No Hospital Adventista de Belém, cuidar é mais do que oferecer tratamento. É reconhecer o outro em sua singularidade, construir pontes onde existem barreiras e tornar a experiência de saúde mais humana para todos.
Foi com esse propósito que o Núcleo de Capacitação promoveu uma formação em Libras para colaboradores das unidades Belém e Barcarena. Realizada nos dias 4 e 5 de setembro, a capacitação foi conduzida por Douglas Silva, pastor surdo e referência nacional no Ministério dos Surdos da Igreja Adventista do Sétimo Dia.
A experiência mobilizou a equipe em torno de um aprendizado essencial: a comunicação é parte do cuidado. E cuidar exige escuta, sensibilidade e presença.
Formação alinhada à missão e à saúde baseada em valor
Para a Adventist Health no Pará, investir em acessibilidade é investir em saúde com propósito. A Libras, enquanto língua reconhecida por lei, é também uma ferramenta de inclusão, segurança e acolhimento — especialmente em um ambiente hospitalar.
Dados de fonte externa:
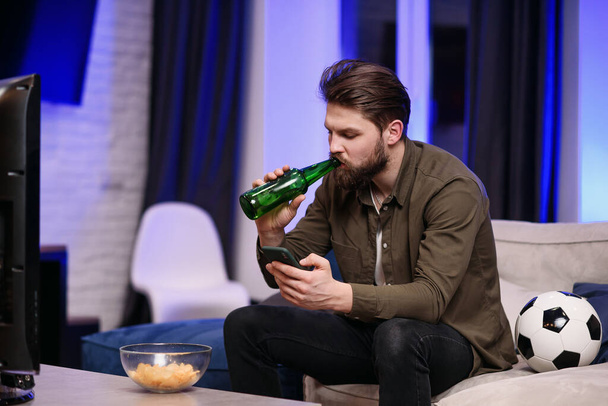 Slow motion of good-looking modern 30-aged guy with beard which sitting in front of tv and periodically watching football match and apps on his mobile while drinking beer - Foto, Imagen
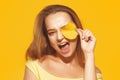 Girl with autumn leaves and red makeup, grimaces and has fun. Autumn photo on yellow background Royalty Free Stock Photo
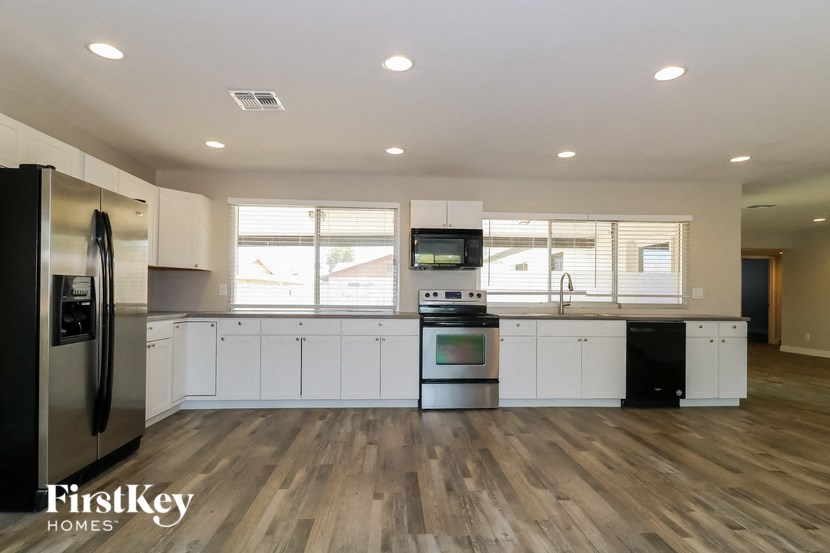 a kitchen with white cabinets and stainless steel appliances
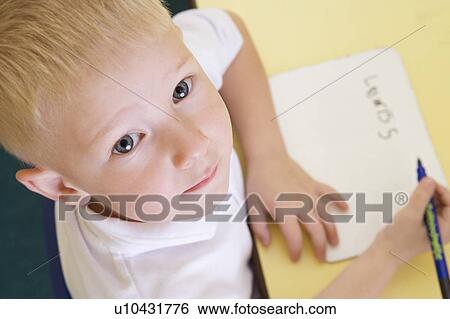 Stock Photograph - Student in class learning spelling (selective focus). Fotosearch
A formação integra um plano institucional que conecta valores cristãos a práticas assistenciais de excelência, promovendo um ambiente mais justo, empático e preparado para atender com qualidade quem chega até nós, independentemente da forma como se comunica.
“Falar de acessibilidade vai além de cumprir uma norma. Reduzimos barreiras, evitamos erros, ampliamos o cuidado. A inclusão faz parte da nossa missão”, reforça Fabília Couto, coordenadora administrativa do Núcleo de Capacitação.
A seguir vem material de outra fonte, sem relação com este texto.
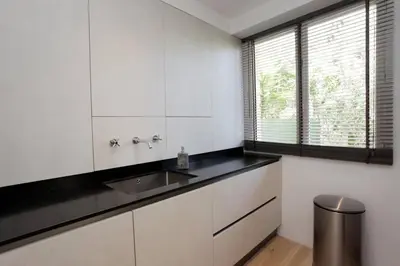 a kitchen with white cabinets and a sink and a window at 3 pièces Luxe Croisette in Cannes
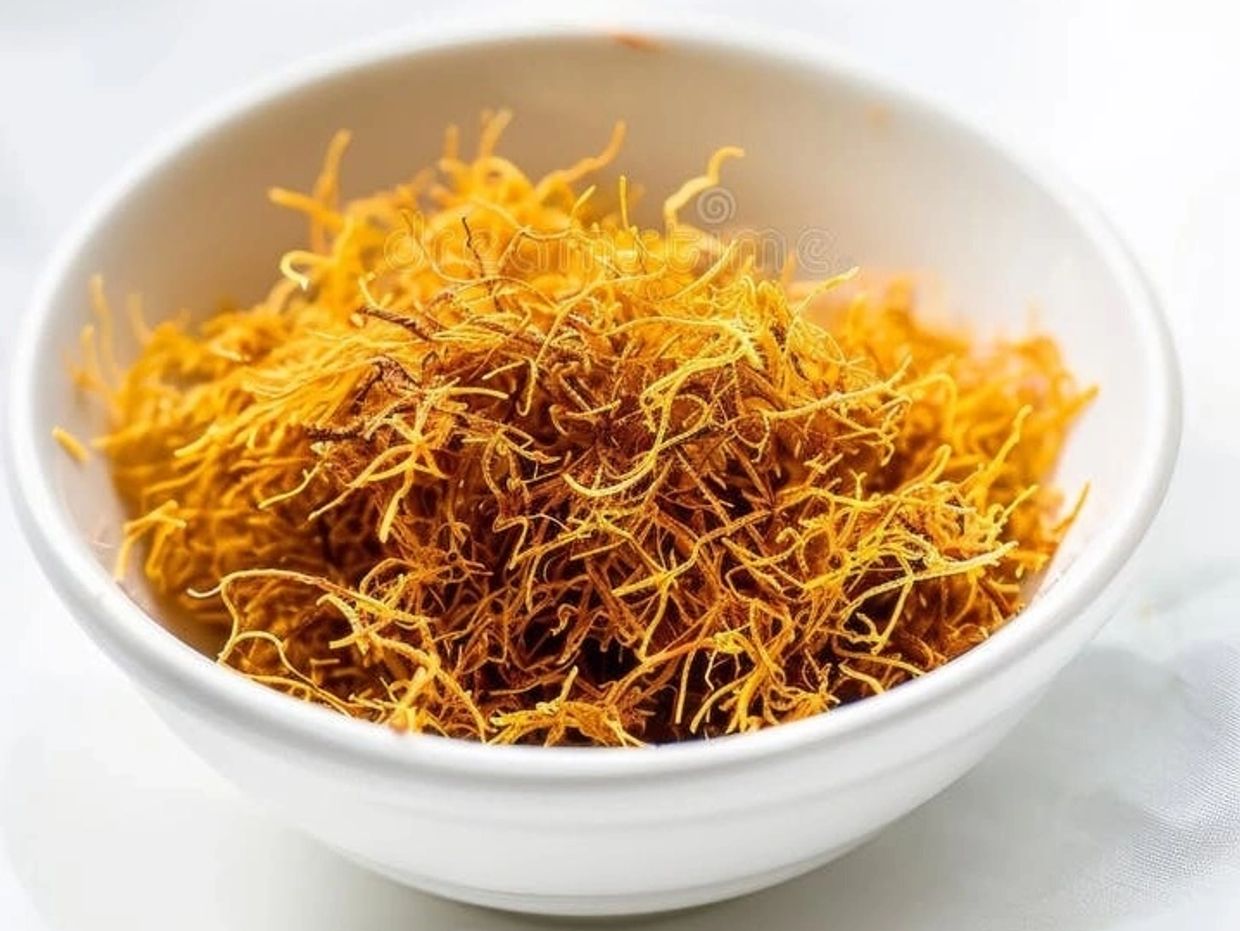 A bowl filled with bright orange dried saffron threads.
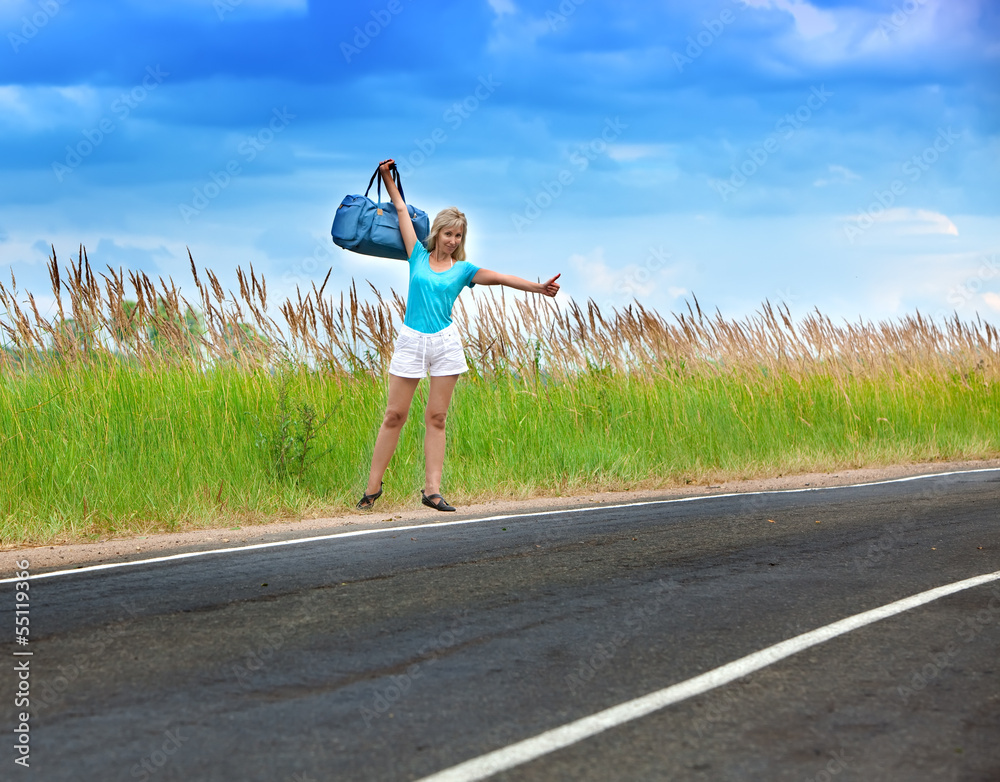 Hitchhiking girl votes on road..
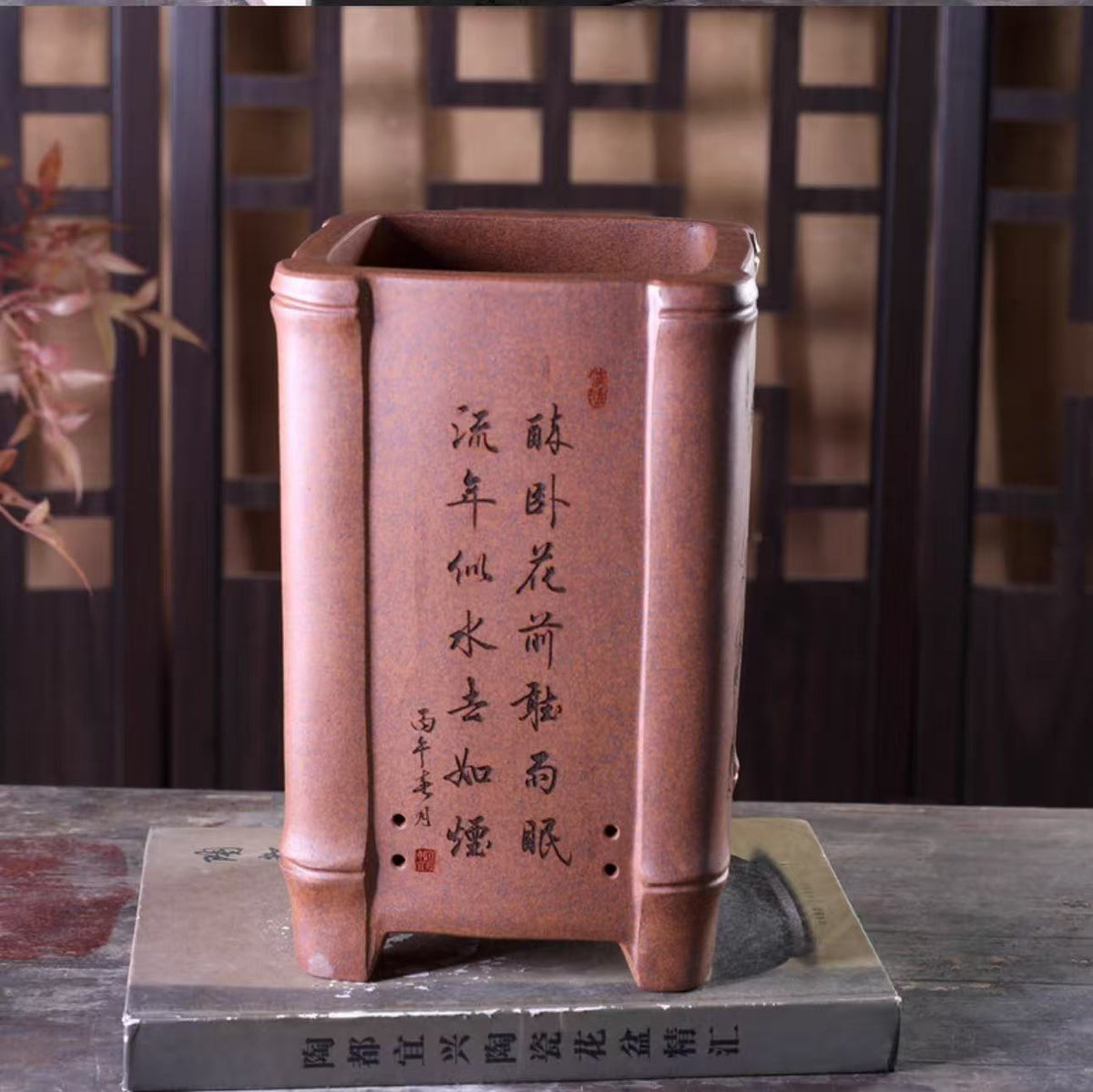 Tall reddish-brown square pot with bamboo-joint corners and calligraphy panel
Quando aprender é transformar
Mais do que uma capacitação técnica, o curso proporcionou aos participantes uma vivência sensível com a realidade da comunidade surda — uma população estimada em mais de 10 milhões de pessoas no Brasil.
Para muitos, foi a primeira vez interagindo com um facilitador surdo. A colaboradora Daiane Freire, participante da formação, compartilhou como a experiência impactou sua visão profissional e pessoal:
“O relato dele sobre ter sido atendido por uma única enfermeira que sabia Libras me marcou muito. Sou estudante de enfermagem e quero me preparar para dar assistência a esse público. Se fosse eu no lugar deles, me sentiria deslocada — e ninguém merece passar por isso.”
Daiane também destacou o valor do curso como um convite à empatia:
“A comunicação é essencial para que o cuidado aconteça. Quero ser mais acessível às pessoas que precisam se comunicar de forma diferente.”
Um hospital que aprende com as pessoas
A Libras foi ensinada como linguagem, mas também como símbolo de respeito à dignidade humana. Para Douglas Silva, facilitador da formação, essa vivência com os colaboradores foi mais do que especial:
“Percebi a empolgação dos participantes. Muitos nunca tinham tido contato com uma pessoa surda. Essa vivência foi uma ponte para o universo da Libras e, mais importante, para o entendimento de que comunicação é cuidado.”
O pastor lembrou que muitos pacientes surdos chegam aos hospitais sem conseguir explicar o que estão sentindo — e acabam saindo sem entender o diagnóstico ou o tratamento.
“Saber o nome do medicamento, a dosagem, a forma de uso… quando isso não acontece, o paciente sai com a sensação de que nem foi atendido.”
A gestão da Adventist Health no Pará entende que o cuidado começa na escuta, se concretiza na presença e se fortalece na conexão entre equipe e paciente. Ao formar seus colaboradores com base em experiências reais, a instituição reafirma seu compromisso com a saúde baseada em valor — aquela que considera a pessoa como um todo e garante que cada atendimento seja seguro, acolhedor e transformador.
Multiplicadores de acessibilidade
Os participantes da formação receberam certificados de conclusão, mas o impacto vai além do papel: o verdadeiro resultado está na transformação de mentalidades e na construção de um hospital cada vez mais acessível — não só na estrutura, mas também nas relações.
A capacitação com o pastor Douglas foi o início de uma jornada que continua. Uma jornada de escuta, inclusão e valorização de cada vida.